Metformin comes out ahead for most readers on the criteria we weight: 2 catalogued goals, prescription-only, oral dosing, with a Tier-A outcome catalogued. TB-500 is the right call when one of the conditionals below applies.
- → If your priority is metabolic health and glucose control, pick Metformin.

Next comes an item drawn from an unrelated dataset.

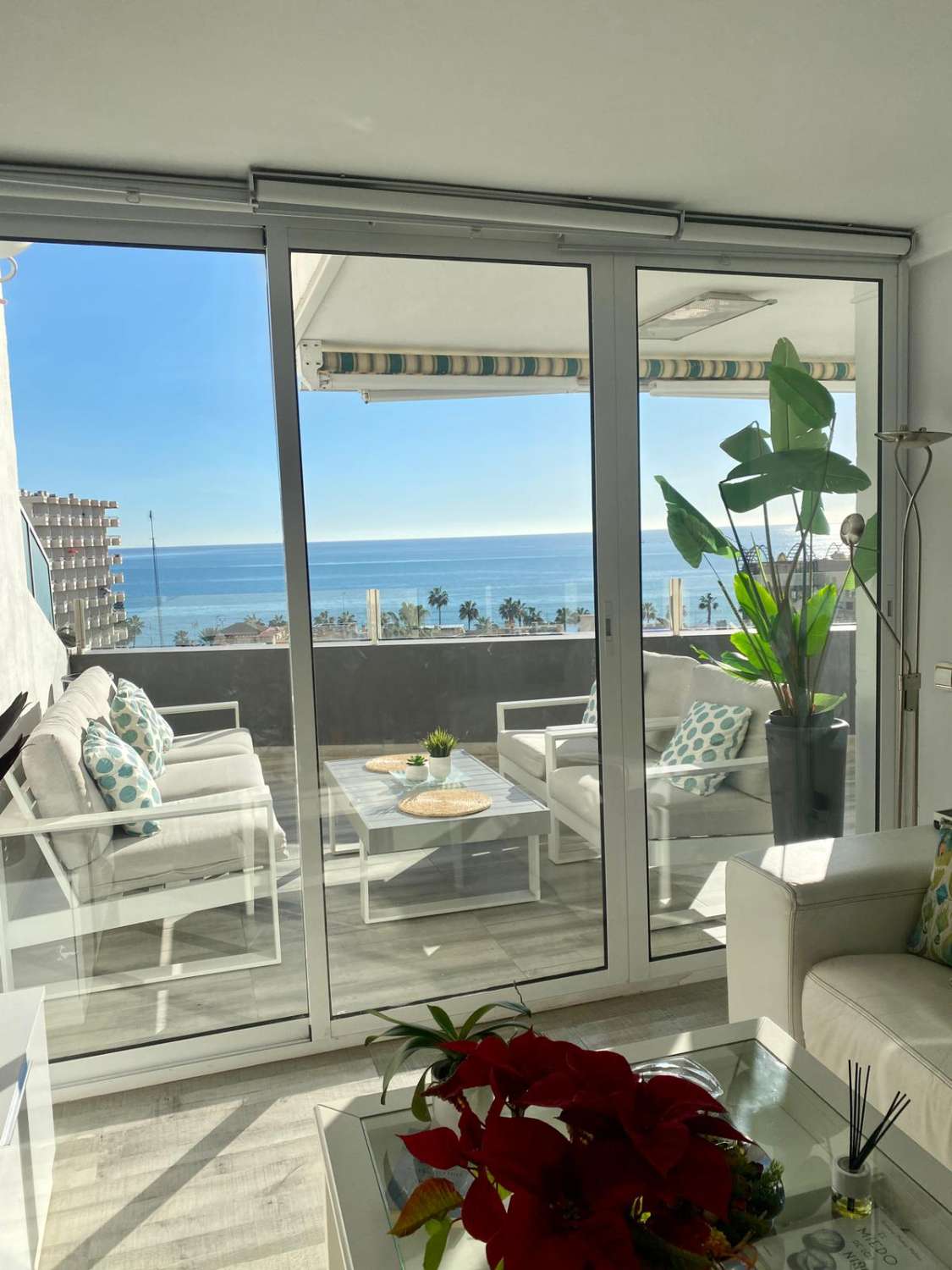 SE ALQUILA DESDE 1.10.26 - 31. 05.27 MAGNIFICO APARTAMENTO CON VISTAS AL MAR EN EL BAJONDILLO (TORREMOLINOS)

- → If your priority is healthspan extension, pick Metformin.
- → If your priority is post-training recovery, pick TB-500.
- → If your priority is tendon repair, pick TB-500.
Edge case: If you cannot self-administer injections, Metformin is the only oral option in this pair.
Default choice: Metformin. Wider use case, a Tier-A evidence outcome catalogued, and broader goal coverage. Reach for TB-500 only if your priority sits squarely in the goals it owns above.
This verdict is generated from each compound's schema (goals, legal status, evidence outcomes, dosing route). It updates automatically as our compound data evolves; the deeper read sits on each individual compound page.
Common questions
What is the difference between Metformin and TB-500?
Metformin and TB-500 differ in category (pharmaceutical vs peptide), mechanism, and typical dosing. See the side-by-side table for full details.
Which has a longer half-life, Metformin or TB-500?
Metformin half-life is 6 hours; TB-500 half-life is 2 hours.
Can you stack Metformin with TB-500?
Stack compatibility depends on mechanism overlap, legal status, and individual response. Check each compound page for specific interactions and contraindications before combining.